WHAT YOU NEED TO DO: For the data below, restate word for word only the lines from the line containing "un telón de" through the line containing "FORTEM Seat Cushion, Office", both ends included.

(INFORMATION SHOWN Opens)

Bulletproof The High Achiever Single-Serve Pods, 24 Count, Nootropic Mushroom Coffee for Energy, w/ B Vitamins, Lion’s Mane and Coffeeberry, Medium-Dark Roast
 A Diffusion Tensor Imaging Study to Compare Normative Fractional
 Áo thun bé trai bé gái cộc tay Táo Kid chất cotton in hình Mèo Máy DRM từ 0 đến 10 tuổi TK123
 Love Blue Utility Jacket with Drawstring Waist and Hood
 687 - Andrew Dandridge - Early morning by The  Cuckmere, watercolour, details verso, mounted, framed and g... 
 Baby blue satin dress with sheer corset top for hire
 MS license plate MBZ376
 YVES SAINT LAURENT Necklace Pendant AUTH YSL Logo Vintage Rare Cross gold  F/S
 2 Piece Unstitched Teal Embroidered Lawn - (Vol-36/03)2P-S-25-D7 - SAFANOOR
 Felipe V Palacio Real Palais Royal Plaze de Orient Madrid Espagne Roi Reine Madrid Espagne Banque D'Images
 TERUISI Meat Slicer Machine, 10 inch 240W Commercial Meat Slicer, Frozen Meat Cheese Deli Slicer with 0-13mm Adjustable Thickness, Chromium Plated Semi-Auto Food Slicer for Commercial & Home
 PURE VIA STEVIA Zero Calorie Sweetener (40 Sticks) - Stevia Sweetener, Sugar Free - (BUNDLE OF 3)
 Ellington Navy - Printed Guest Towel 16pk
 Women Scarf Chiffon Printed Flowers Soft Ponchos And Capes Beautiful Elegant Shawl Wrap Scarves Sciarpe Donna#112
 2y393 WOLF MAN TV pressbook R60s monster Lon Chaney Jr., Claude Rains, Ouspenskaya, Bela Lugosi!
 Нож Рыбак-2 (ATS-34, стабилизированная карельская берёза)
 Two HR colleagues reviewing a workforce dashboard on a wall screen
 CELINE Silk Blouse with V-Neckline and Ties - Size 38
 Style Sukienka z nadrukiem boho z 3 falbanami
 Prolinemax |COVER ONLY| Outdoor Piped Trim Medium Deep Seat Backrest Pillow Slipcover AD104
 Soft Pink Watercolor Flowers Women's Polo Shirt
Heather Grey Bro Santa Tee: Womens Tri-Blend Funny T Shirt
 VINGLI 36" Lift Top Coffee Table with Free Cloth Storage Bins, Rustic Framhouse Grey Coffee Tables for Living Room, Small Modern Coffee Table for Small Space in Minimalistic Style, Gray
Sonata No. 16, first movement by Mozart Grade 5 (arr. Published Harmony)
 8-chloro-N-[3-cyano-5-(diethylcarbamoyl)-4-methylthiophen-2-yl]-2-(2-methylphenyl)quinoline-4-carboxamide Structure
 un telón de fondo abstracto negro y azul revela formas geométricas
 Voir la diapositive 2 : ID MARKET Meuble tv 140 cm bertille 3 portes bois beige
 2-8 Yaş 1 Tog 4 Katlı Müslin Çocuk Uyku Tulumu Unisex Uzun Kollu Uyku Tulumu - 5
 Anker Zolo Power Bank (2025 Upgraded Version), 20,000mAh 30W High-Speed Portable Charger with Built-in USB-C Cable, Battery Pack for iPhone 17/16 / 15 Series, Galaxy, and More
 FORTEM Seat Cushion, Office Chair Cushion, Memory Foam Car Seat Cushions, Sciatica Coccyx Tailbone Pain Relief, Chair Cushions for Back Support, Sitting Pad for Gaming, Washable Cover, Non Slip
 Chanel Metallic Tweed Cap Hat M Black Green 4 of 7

(INFORMATION SHOWN Closes)

EXERCISE ANSWER:
 un telón de fondo abstracto negro y azul revela formas geométricas
 Voir la diapositive 2 : ID MARKET Meuble tv 140 cm bertille 3 portes bois beige
 2-8 Yaş 1 Tog 4 Katlı Müslin Çocuk Uyku Tulumu Unisex Uzun Kollu Uyku Tulumu - 5
 Anker Zolo Power Bank (2025 Upgraded Version), 20,000mAh 30W High-Speed Portable Charger with Built-in USB-C Cable, Battery Pack for iPhone 17/16 / 15 Series, Galaxy, and More
 FORTEM Seat Cushion, Office Chair Cushion, Memory Foam Car Seat Cushions, Sciatica Coccyx Tailbone Pain Relief, Chair Cushions for Back Support, Sitting Pad for Gaming, Washable Cover, Non Slip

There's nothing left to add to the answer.